According to the Russian Aviation Workers' Trade Union, airlines face a shortage of skilled pilots as the younger generation is not going into the profession due to low salaries. Moreover, Russia has just two schools training civilian pilots.
Compounding these problems is the decrepit state of Russia's airports.
According to the air transport research organization Skytrax, Russia has three of the world's most dangerous airports: the infamous Irkutsk field, Adler, and Petropavlovsk Kamchatsky.
In Adler, the airport for the Black Sea city of Sochi, aircraft must perform a complicated - and terrifying - loop maneuver in order to land on a small strip between the mountains and the sea. Moreover, the airport lacks standard radio and lighting equipment. In Petropavlovsk Kamchatsky on the mountainous Kamchatka peninsula, takeoffs and landings are complicated by extreme turbulence, high hills, and volcanoes.

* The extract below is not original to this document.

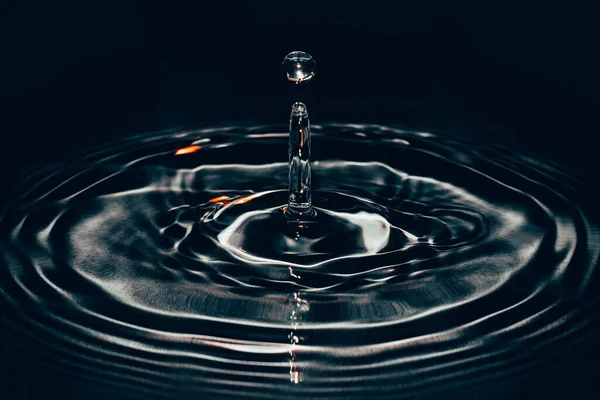 Primer Plano Una Gota Agua Sobre Una Superficie Del Agua —  Fotos de Stock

Overall, 39 Russian airports are in need of emergency repairs on runways. Part of the problem is that runways and landing strips at Russian airports are constructed from concrete blocks. On older runways, the center of these blocks tend to sink and form a bowl that accumulates water, leading to hazardously slippery runways flooded with puddles.
And then there is plain old fashioned crime and corruption.
Police in Moscow, for example, recently caught workers at the Vnukovo Aircraft Repair Works using uncertified parts stolen from the Saturn plant in Rybinsk. Investigators later discovered that many of these faulty parts had been installed on aircraft engines.
LESSONS LEARNED? Attempting to reassure the public, some Russian airline executives have suggested that the rise in accidents is not really a cause for concern.
Russian authorities register many thousands of road accidents every year, they say. Accidents occur on the railroads, on boats, and at factories as well. This is the price people have to pay for the industrial revolution.
The Russian government was only slightly less cavalier. It promised to pay 100,000 rubles ($3,700) to victims' families in the A310 crash in Irkutsk, and 50,000 rubles to survivors.
But despite mounting evidence that airlines' habit of buying second-hand aircraft from abroad is harming airline safety, Transport Minister Levitin said the government does not plan to initiate more comprehensive controls on the process.
"The mechanism works and we will not change it," he said, adding that the A310 that crashed in Irkutsk had been regularly maintained and passed all safety tests.
But a looming lawsuit may cause the foreign companies supplying Russian airlines to exercise more caution.
The American law firm Speiser Krause has agreed to represent 27 families who lost relatives in the Irkutsk crash. The firm, which claims that a problem in the aircraft's reverse braking system caused the crash, is preparing to sue U.S. and British companies that manufactured parts for the A310 for $800,000 to $1.5 million in compensation per victim.